_Supplied data_

..............................

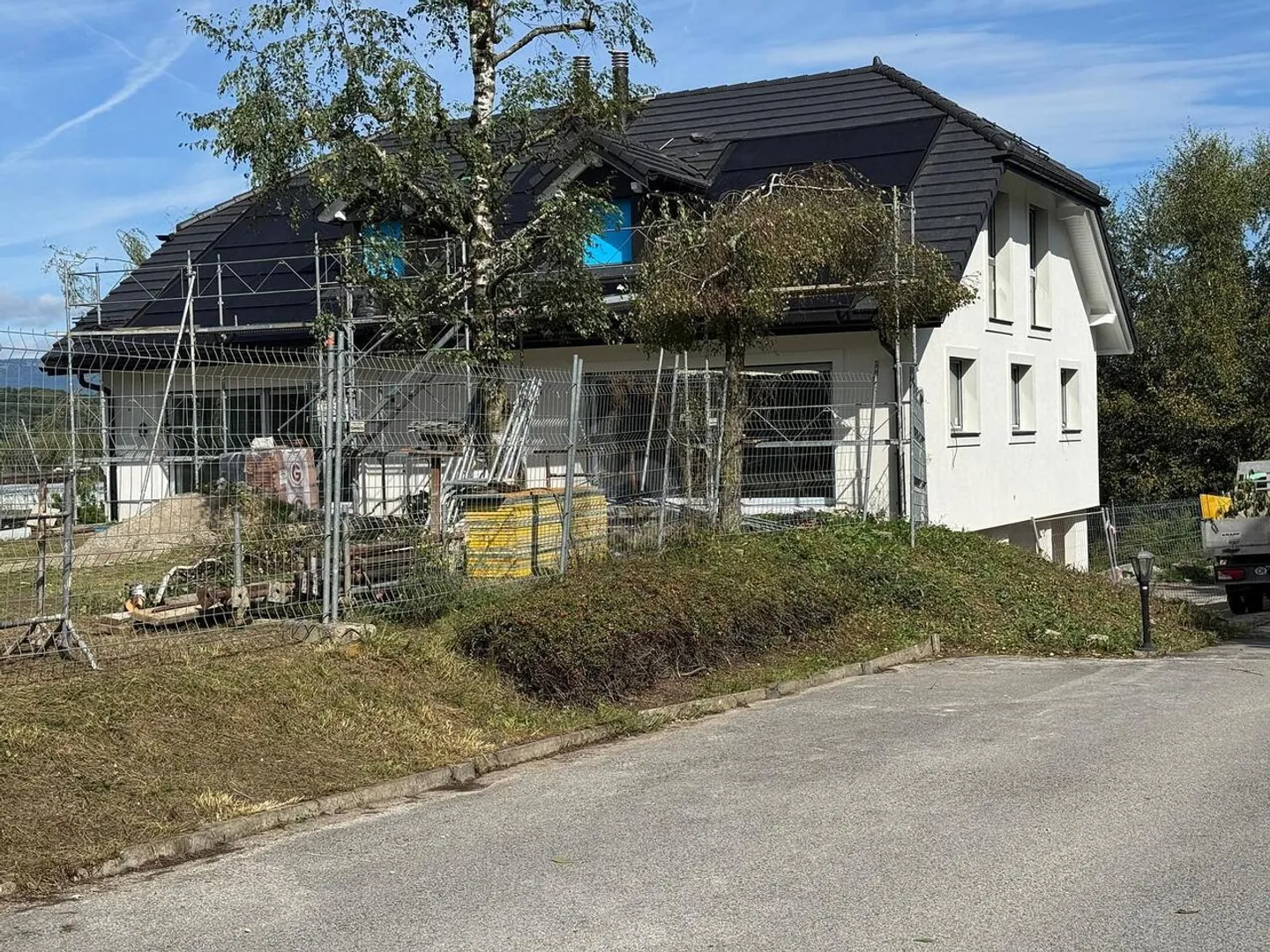 AL CONFINE DELLA ZONA AGRICOLA (VILLA SUD-OVEST) - Foto 3 di 6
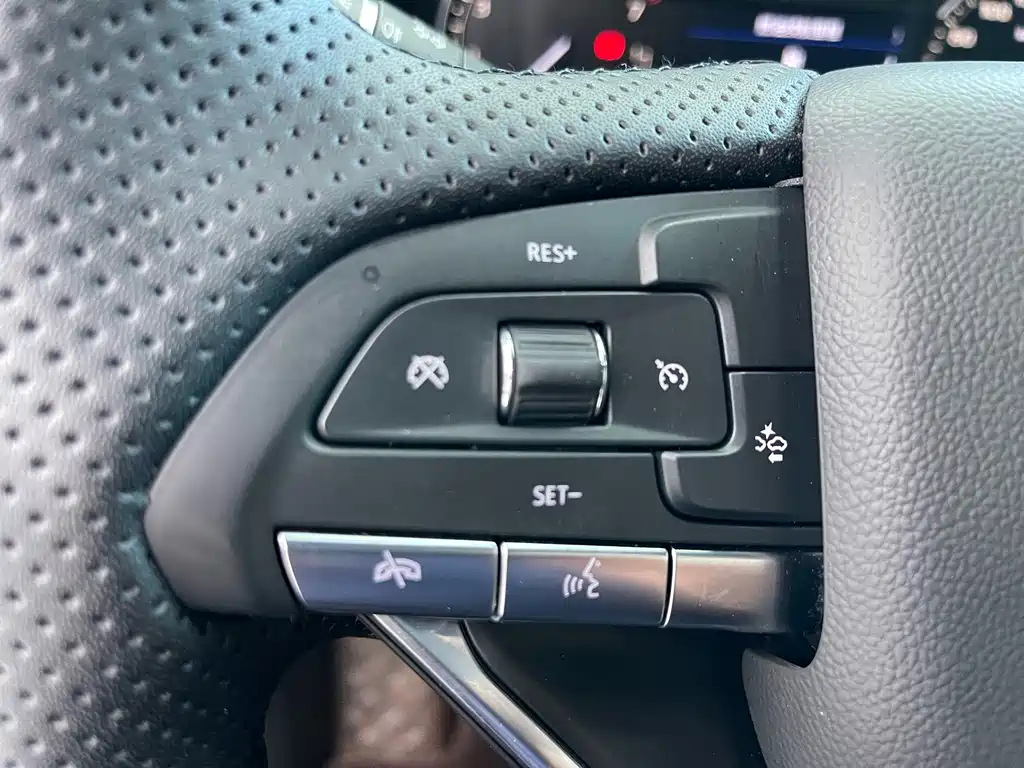 Cadillac XT6 2022 2.0T seven-seat two-wheel drive luxury model купить на сайте DeffCars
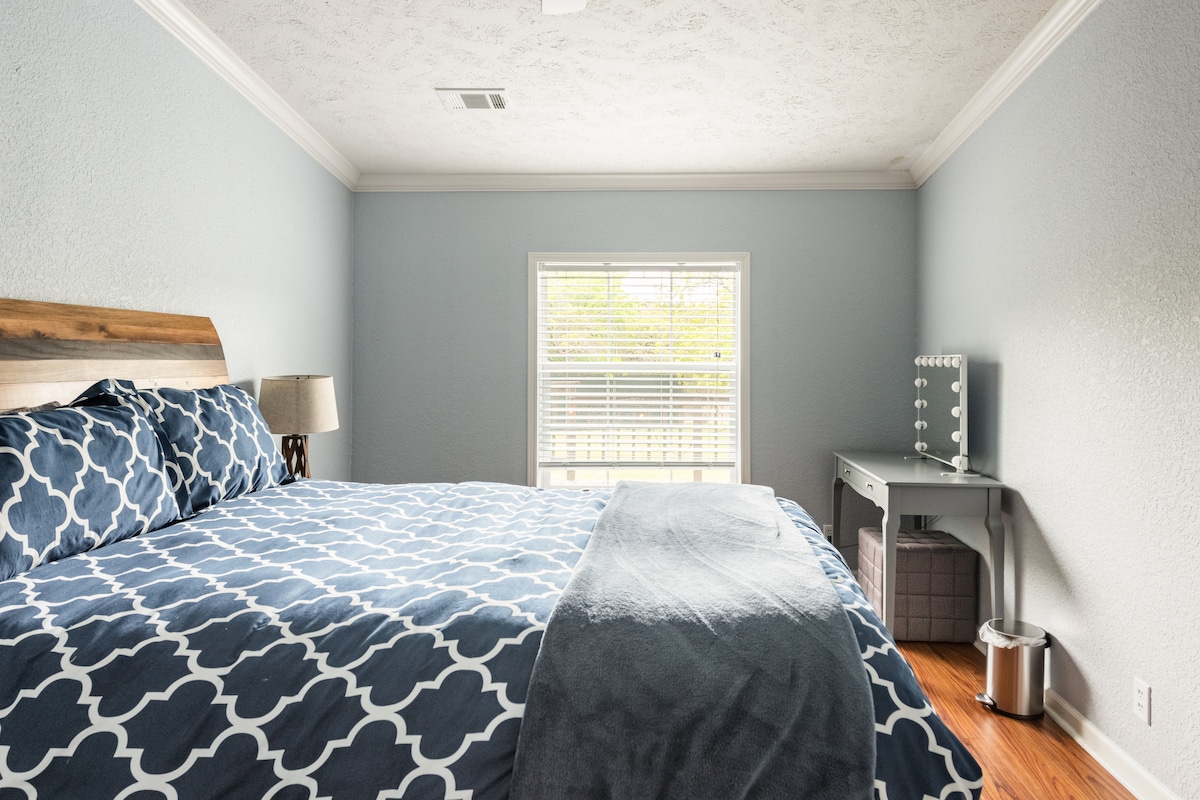 ห้องนอนที่ 3 มีกระจกแต่งหน้าแบบมืออาชีพพร้อมไฟและงานศิลปะต้นฉบับ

..............................

_What you will do_
The lines from the one containing "Cadillac XT6 2022" through the last line of the data above are to be transcribed exactly, both included, with all pictures left out.

_Response_
 Cadillac XT6 2022 2.0T seven-seat two-wheel drive luxury model купить на сайте DeffCars
 ห้องนอนที่ 3 มีกระจกแต่งหน้าแบบมืออาชีพพร้อมไฟและงานศิลปะต้นฉบับ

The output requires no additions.